▸ **YOUR ASSIGNMENT**
Starting at the line below that contains "Other VTG 90s", print each line through the end of the records exactly as it appears.

Recorded data

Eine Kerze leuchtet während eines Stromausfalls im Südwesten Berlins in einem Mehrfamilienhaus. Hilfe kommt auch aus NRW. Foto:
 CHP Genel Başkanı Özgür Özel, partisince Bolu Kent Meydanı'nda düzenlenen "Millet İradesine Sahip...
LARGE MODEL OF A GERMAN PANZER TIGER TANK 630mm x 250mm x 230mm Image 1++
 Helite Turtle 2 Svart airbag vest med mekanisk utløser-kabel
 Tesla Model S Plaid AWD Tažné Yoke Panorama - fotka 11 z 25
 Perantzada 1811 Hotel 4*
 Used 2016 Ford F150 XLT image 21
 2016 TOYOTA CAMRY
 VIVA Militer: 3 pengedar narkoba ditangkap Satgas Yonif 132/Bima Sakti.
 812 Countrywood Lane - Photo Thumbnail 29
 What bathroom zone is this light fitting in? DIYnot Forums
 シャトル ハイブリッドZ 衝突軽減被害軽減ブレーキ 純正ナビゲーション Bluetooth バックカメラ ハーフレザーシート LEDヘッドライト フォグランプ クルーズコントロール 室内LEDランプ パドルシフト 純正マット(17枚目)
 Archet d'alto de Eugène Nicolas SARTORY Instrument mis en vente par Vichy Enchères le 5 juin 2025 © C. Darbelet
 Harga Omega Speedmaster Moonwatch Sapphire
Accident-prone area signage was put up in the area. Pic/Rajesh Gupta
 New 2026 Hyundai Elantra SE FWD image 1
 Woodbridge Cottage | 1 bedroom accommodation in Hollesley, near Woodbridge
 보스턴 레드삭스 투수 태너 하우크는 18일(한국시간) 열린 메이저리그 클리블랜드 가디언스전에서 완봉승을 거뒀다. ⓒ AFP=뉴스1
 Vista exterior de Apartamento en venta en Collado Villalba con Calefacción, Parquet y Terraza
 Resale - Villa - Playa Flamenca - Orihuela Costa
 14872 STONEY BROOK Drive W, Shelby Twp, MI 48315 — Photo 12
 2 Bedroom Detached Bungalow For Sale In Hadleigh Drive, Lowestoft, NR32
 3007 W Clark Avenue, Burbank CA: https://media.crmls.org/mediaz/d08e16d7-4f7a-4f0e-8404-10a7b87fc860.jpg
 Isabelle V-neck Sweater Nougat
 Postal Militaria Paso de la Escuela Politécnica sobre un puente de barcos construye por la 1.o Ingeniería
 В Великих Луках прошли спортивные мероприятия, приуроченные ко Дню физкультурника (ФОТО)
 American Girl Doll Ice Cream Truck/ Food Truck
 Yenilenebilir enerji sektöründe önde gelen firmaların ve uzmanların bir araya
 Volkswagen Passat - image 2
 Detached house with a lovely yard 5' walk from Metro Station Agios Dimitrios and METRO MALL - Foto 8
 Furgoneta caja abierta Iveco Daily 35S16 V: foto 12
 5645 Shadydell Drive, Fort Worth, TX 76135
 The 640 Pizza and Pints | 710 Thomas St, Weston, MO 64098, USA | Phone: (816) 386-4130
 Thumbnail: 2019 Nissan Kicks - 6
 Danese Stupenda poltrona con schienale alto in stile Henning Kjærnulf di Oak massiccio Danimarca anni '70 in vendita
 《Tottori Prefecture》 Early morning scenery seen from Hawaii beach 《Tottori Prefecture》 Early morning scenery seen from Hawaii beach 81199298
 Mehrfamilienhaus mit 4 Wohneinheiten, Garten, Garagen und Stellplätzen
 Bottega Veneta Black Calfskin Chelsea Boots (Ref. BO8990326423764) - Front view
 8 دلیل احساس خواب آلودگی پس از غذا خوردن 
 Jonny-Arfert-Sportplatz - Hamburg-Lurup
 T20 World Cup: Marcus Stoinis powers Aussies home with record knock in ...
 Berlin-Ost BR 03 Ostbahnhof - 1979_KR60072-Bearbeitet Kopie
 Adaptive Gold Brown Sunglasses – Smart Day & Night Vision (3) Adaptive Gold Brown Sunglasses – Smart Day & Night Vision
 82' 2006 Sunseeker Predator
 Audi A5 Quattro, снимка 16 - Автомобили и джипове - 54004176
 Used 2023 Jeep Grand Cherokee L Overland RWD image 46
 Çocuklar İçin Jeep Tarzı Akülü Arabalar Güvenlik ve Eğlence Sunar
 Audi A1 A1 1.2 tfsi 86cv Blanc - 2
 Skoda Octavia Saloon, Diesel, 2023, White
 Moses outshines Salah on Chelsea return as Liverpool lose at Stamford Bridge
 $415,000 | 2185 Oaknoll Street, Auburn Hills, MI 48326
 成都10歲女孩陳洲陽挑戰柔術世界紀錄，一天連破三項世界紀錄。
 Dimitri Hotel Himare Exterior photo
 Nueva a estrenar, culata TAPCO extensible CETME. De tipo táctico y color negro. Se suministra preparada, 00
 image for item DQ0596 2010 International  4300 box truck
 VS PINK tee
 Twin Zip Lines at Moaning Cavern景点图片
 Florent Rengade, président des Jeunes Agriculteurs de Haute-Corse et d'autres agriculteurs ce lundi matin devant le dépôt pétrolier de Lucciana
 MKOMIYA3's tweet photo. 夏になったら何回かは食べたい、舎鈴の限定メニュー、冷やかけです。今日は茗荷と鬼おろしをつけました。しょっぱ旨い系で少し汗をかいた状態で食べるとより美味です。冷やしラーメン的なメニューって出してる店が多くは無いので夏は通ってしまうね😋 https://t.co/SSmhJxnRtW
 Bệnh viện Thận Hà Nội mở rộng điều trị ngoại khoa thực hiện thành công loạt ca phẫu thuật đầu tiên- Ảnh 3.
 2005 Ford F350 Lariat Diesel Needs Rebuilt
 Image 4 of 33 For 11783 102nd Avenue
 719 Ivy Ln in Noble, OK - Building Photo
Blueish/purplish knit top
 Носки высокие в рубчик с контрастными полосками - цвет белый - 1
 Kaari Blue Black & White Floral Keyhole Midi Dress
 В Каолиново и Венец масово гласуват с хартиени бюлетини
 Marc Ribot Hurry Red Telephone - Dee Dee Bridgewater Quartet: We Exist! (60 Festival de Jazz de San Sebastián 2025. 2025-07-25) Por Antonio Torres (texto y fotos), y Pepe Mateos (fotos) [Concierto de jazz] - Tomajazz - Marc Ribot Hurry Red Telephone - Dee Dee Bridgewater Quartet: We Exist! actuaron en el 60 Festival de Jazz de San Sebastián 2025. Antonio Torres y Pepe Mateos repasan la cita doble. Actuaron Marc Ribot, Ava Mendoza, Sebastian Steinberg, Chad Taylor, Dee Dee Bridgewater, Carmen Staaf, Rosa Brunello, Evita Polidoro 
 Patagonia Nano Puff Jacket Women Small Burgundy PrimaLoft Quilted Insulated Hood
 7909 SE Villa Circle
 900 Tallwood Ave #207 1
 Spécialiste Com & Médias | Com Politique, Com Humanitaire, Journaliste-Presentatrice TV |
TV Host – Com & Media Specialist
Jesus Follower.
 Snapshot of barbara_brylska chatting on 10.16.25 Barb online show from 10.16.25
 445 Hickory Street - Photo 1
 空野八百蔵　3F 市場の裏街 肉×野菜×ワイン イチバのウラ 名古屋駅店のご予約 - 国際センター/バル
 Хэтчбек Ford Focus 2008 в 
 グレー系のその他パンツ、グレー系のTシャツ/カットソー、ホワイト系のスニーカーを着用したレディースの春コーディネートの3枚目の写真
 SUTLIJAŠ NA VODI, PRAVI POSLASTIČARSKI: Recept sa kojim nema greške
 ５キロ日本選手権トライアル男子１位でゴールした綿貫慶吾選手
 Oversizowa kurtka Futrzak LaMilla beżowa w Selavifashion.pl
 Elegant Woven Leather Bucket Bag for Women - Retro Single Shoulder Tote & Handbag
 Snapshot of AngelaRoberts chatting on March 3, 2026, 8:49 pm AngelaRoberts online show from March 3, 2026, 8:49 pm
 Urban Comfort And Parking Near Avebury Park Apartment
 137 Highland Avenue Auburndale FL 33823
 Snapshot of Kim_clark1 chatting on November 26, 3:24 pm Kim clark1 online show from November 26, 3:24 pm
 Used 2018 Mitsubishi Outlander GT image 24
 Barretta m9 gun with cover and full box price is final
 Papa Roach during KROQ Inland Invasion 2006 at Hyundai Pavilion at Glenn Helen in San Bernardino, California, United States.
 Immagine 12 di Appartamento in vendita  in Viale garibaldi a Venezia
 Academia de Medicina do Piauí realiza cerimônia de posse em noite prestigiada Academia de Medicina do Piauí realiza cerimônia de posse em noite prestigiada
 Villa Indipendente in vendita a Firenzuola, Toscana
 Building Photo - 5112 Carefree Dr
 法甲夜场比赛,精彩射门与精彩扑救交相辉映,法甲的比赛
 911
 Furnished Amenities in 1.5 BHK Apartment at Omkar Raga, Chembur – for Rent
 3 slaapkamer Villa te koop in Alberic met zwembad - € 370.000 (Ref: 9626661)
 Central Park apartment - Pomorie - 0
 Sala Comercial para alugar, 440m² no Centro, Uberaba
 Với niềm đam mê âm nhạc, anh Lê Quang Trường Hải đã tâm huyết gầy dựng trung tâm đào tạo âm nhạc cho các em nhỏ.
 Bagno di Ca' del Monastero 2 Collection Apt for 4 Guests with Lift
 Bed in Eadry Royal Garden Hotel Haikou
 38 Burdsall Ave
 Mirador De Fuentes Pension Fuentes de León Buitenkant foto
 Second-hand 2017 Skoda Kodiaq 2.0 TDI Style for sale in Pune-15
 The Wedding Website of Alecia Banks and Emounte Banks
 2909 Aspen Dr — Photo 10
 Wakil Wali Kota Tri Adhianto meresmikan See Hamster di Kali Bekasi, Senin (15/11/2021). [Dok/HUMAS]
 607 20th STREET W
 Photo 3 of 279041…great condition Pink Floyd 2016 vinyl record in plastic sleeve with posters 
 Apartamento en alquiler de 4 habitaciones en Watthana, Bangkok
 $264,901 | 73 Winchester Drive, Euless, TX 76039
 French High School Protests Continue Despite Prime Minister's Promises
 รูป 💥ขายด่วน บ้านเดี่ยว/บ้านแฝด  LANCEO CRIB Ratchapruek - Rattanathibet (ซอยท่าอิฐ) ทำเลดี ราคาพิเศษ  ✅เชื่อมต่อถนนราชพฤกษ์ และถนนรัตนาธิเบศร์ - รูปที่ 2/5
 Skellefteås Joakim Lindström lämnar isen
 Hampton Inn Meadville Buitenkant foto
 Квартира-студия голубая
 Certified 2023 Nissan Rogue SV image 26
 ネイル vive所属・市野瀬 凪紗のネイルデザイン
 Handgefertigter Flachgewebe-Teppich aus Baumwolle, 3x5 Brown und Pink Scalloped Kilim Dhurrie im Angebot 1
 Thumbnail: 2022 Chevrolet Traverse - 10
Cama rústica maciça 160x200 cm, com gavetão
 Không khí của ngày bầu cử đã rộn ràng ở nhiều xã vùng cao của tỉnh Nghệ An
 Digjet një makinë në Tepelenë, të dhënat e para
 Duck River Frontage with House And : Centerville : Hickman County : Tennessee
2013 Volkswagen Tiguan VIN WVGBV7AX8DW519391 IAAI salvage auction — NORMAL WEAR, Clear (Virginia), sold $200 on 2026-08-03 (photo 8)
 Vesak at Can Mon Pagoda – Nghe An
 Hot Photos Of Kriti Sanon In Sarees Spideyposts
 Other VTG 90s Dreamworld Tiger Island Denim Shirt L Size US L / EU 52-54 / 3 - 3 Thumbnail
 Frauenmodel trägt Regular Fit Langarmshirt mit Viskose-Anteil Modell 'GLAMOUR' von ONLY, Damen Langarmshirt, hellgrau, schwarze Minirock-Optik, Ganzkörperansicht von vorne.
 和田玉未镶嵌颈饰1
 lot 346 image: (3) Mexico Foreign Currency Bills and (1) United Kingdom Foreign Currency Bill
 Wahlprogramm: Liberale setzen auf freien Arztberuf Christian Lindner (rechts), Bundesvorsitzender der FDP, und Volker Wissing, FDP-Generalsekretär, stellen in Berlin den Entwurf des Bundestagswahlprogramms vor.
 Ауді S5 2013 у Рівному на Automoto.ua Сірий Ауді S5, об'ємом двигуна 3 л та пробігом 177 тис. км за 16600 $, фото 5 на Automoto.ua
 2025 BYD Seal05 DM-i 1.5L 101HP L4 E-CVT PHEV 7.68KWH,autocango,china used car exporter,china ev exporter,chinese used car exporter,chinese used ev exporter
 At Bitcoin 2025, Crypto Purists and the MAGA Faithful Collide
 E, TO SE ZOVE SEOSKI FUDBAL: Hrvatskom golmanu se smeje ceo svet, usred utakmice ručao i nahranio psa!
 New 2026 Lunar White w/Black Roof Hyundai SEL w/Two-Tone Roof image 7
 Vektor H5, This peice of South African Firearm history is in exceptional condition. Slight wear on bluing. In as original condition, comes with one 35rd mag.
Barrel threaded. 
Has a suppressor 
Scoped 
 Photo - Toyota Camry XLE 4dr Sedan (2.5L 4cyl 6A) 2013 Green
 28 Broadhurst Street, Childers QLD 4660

▸ **WRITTEN RESPONSE**
 Other VTG 90s Dreamworld Tiger Island Denim Shirt L Size US L / EU 52-54 / 3 - 3 Thumbnail
 Frauenmodel trägt Regular Fit Langarmshirt mit Viskose-Anteil Modell 'GLAMOUR' von ONLY, Damen Langarmshirt, hellgrau, schwarze Minirock-Optik, Ganzkörperansicht von vorne.
 和田玉未镶嵌颈饰1
 lot 346 image: (3) Mexico Foreign Currency Bills and (1) United Kingdom Foreign Currency Bill
 Wahlprogramm: Liberale setzen auf freien Arztberuf Christian Lindner (rechts), Bundesvorsitzender der FDP, und Volker Wissing, FDP-Generalsekretär, stellen in Berlin den Entwurf des Bundestagswahlprogramms vor.
 Ауді S5 2013 у Рівному на Automoto.ua Сірий Ауді S5, об'ємом двигуна 3 л та пробігом 177 тис. км за 16600 $, фото 5 на Automoto.ua
 2025 BYD Seal05 DM-i 1.5L 101HP L4 E-CVT PHEV 7.68KWH,autocango,china used car exporter,china ev exporter,chinese used car exporter,chinese used ev exporter
 At Bitcoin 2025, Crypto Purists and the MAGA Faithful Collide
 E, TO SE ZOVE SEOSKI FUDBAL: Hrvatskom golmanu se smeje ceo svet, usred utakmice ručao i nahranio psa!
 New 2026 Lunar White w/Black Roof Hyundai SEL w/Two-Tone Roof image 7
 Vektor H5, This peice of South African Firearm history is in exceptional condition. Slight wear on bluing. In as original condition, comes with one 35rd mag.
Barrel threaded. 
Has a suppressor 
Scoped 
 Photo - Toyota Camry XLE 4dr Sedan (2.5L 4cyl 6A) 2013 Green
 28 Broadhurst Street, Childers QLD 4660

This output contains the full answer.